Losing him altogether was
not an option she cared to contemplate. She had been in love
with Matt Wilson since their first meeting, on her first day
on the job at Fairview. She had instantly been drawn to
everything about him: his rugged looks, dark, shaggy hair
and perpetual five-o'clock shadow; his rangy, six-foot-two
body; the way his green eyes, so light in his tanned face,
seemed to see everything, take in everything.
The way
those eyes of his had searched her up and down, as though
they found nothing about her lacking.
For a long
time, Matt had been absorbed in his work at Fairview. These
days he was absorbed elsewhere, mainly with the Miami Police
Department, where his medical accolades had been tossed in a
drawer. She had been supportive of their time apart for a
while, even made excuses for him. But lately her gut
instinct told her that he was hiding something important
from her, hence the distance, the quiet.
Matt had
gone from an immeasurably hot pursuer to unreachable,
overnight. From lover to…nothing, without so much as a
glimpse of the old Matt's soul, something so necessary in a
true connection.
Was it clichéd to believe that
talking would serve the major purpose of setting things to
rights?
Had it been wrong of her to invite him here?

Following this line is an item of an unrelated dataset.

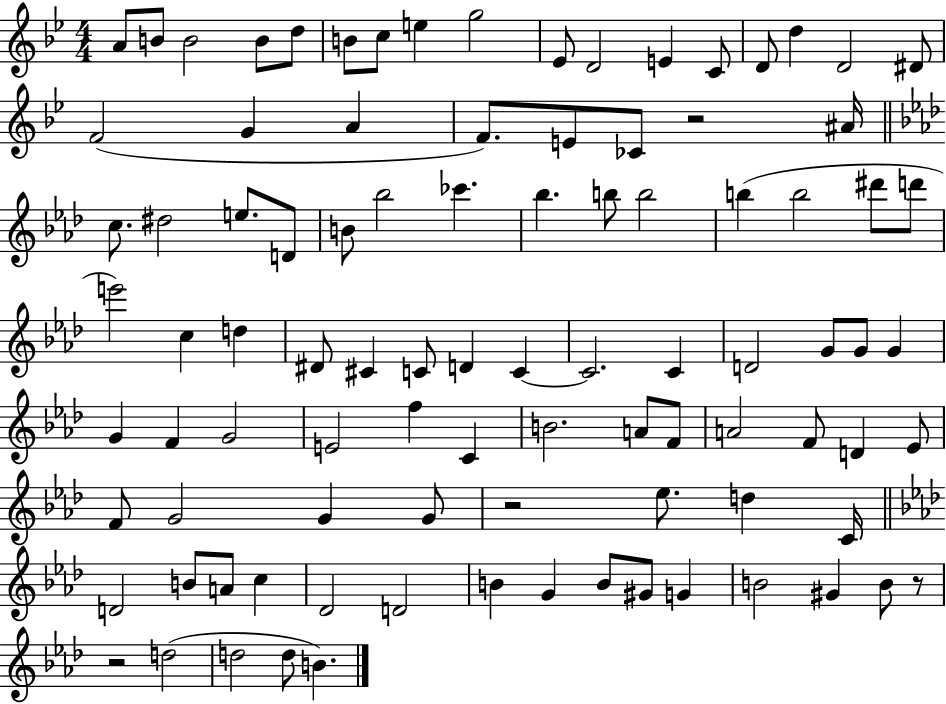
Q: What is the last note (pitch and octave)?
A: B4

She could hardly breathe around him.
Had it been
wrong to keep what was in this cell?
Matt's hands
kept him supported now. His knuckles, on either side of the
glass, had gone white. She should say something, but
couldn't. Touch him? Every nerve in her body warned her not
to.
Hating the awkwardness, Jenna waited a few
moments more before looking into the cell.
Damn!
Matt stared at the thing pinging around in there, and
felt his own body react with a ripple of pure
terror.
The thing inside of this padded cell was a
woman, all right.
Barely.
It was hard to get a
good look. She was thrashing uncontrollably. Hitting the
walls. Ramming herself right and left, on her feet and then
on her knees when she'd fall. She rolled, lunged, tore at
herself with her hands—hands that weren't really hands
anymore, that were more like an animal's paws that had been
bound tight with surgical tape.
Her body was
grotesquely out of proportion, as though she'd been
stretched by some evil demon. She was naked, sort of. In
actuality, her body appeared to be producing its own furry
covering, though the process hadn't been completed…yet. The
thing in the cell was raw, and nearly completely mad. She
was half bare skin, half fur. Half human, half animal.